I would be grateful if someone can help me since I am stuck in the middle of an upgrade.

 

avatar
New Contributor

I solved the issue. The logs weren't showing because the SELinux is enabled  - I don't know where's the relation between them. Once I enabled them I saw the reason for hte failure. In my previous attempts to run the server I have run it as root directly from a low level script (that doesn't set java memory correctly) and it failed it OutOfMemory. This caused creation of a *.hprof file owned by root. Then on the consecutive try to run the server it wasn't able to read the hprof file (again why the server need to read the heap dump?!) and that's why it was failing. The solution was to move/remove the *.hprof from /usr/share/cmf

avatar
Rising Star

If the above step doesn't fix your issue then the postgresql  is not running to identitfy it try to run command

 

service postgresql  restart

 

if above command fails then you have to check in /etc/hosts if loopback address is missing 127.0.0.1 localhost

 

Add line 127.0.0.1 localhost save it, then try starting the postgresql service

 

service postgresql  start

 

Hope this will help

 

Guruveer

avatar
New Contributor

Followed these very steps - and in our case, nothing at all wrong with localhost.  But, in our case, postgresql refuses to start, claiming in the logs "cannot resolve localhost" which is BS.  Can ping and can ssh localhost.

avatar
New Contributor
LOG: could not translate host name "localhost", service "5432" to address: Name or service not know.

avatar
Master Guru

@ChrisEns

 

I searched for that error in Google and there are quite a few hits for that exact error and a few different tips and solutions.

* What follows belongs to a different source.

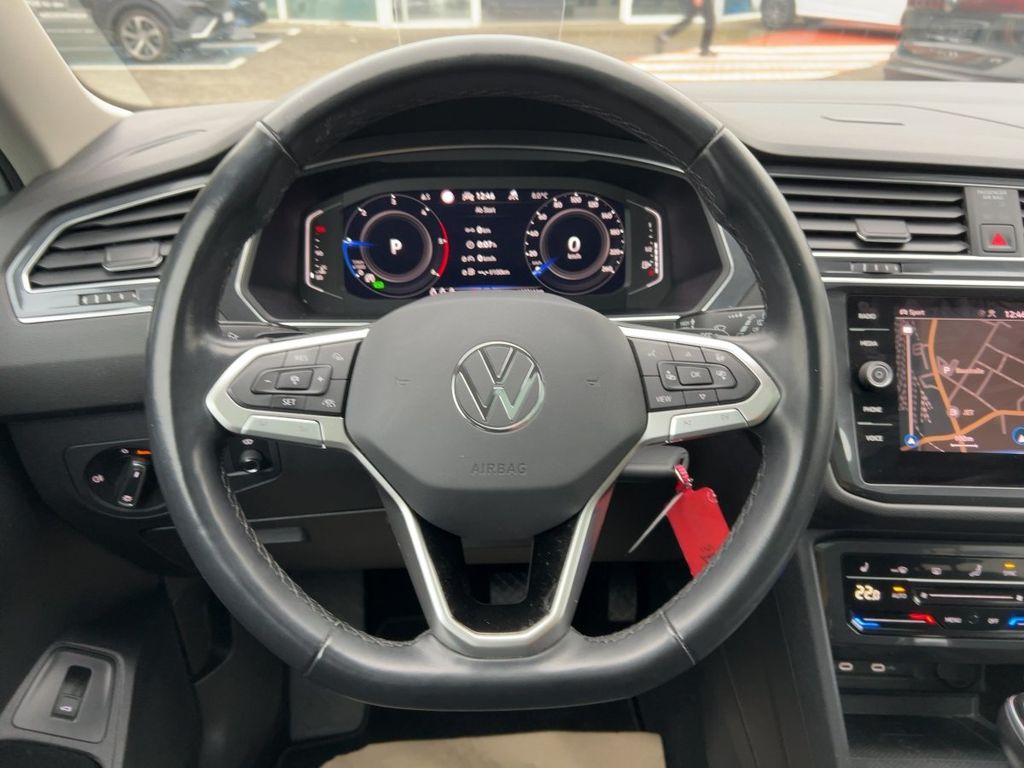 Volkswagen Tiguan Allspace 2022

Usually the issue is due to a malformed /etc/hosts file.  That would be a good place to check first... make sure you have at least:

 

127.0.0.1   localhost

 

and nothing else "odd"

 

Regards,

 

Ben

avatar
Explorer

Thanks for reply..

 

i do also having same problem. but as you asvised i removed the file /var/run/cloudera-scm-server.pid

 

then i start the cloudera service and again same issue but that removed file automatically regenarated again.

 

[root@cdh1 ~]# service cloudera-scm-server start
Starting cloudera-scm-server: [ OK ]
[root@cdh1 ~]# service cloudera-scm-server status
cloudera-scm-server dead but pid file exists
[root@cdh1 ~]# rm /var/run/cloudera-scm-server.pid
rm: remove regular file `/var/run/cloudera-scm-server.pid'? y
[root@cdh1 ~]#